Start of Data shown

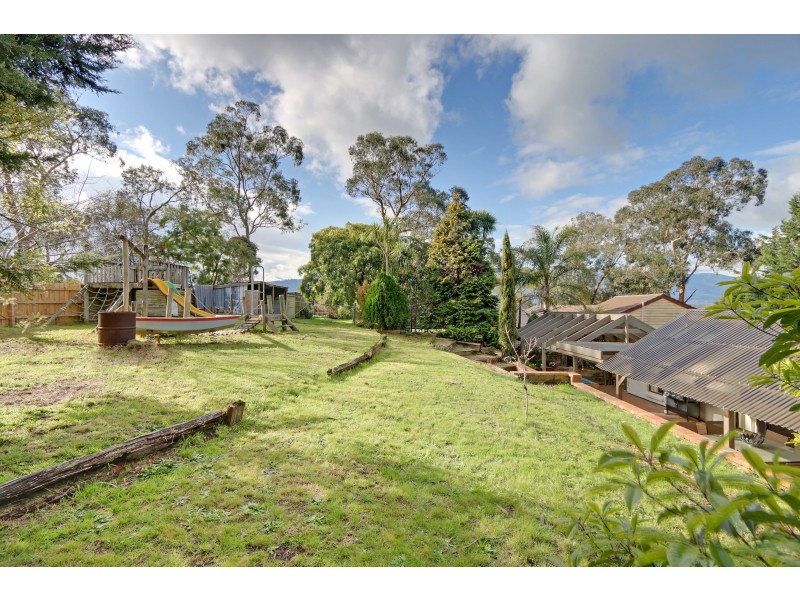 8 Braeside Drive, Launching Place VIC 3139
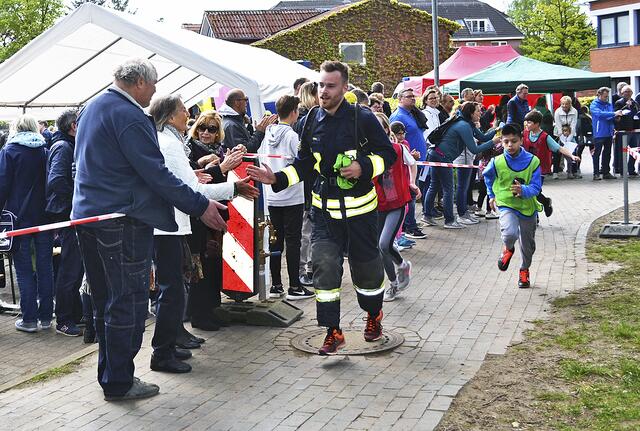 Hart im Nehmen: Mancher Feuerwehrmann startet beim "Run 4 Help" ist Einsatzklamotten | Foto: bim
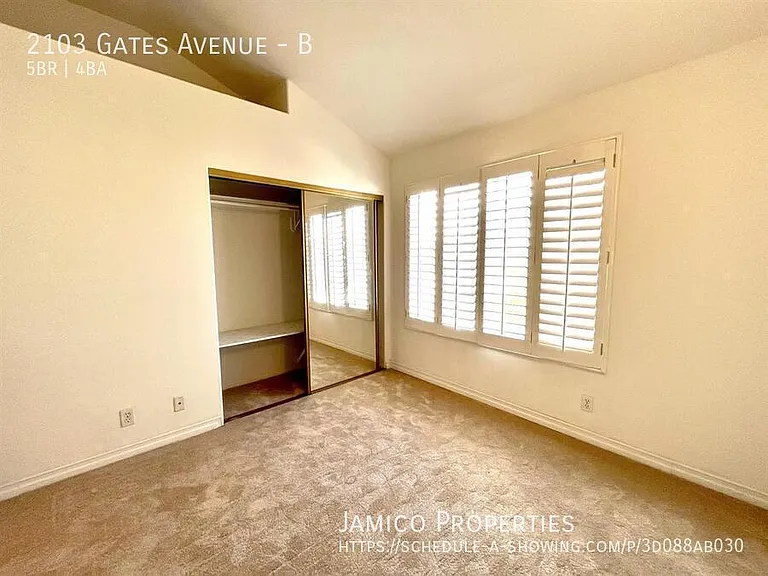 2103 Gates Ave #B — Photo 24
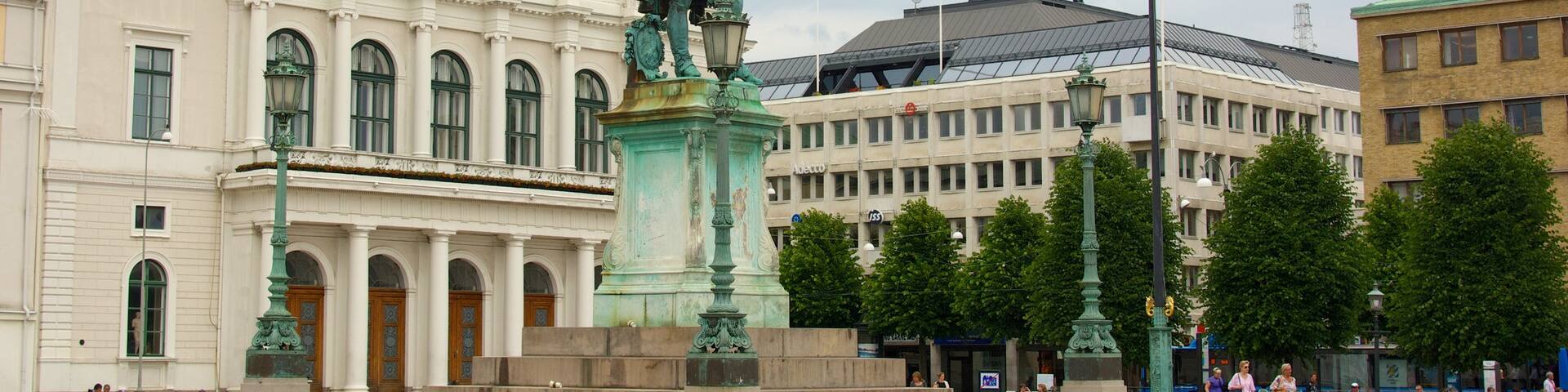 Gustav Adolf Square showing a city, a monument and a square or plaza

End of Data shown

Instructions to follow: Print the data above exactly, minus pictures.

Task answer:
 8 Braeside Drive, Launching Place VIC 3139
 Hart im Nehmen: Mancher Feuerwehrmann startet beim "Run 4 Help" ist Einsatzklamotten | Foto: bim
 2103 Gates Ave #B — Photo 24
 Gustav Adolf Square showing a city, a monument and a square or plaza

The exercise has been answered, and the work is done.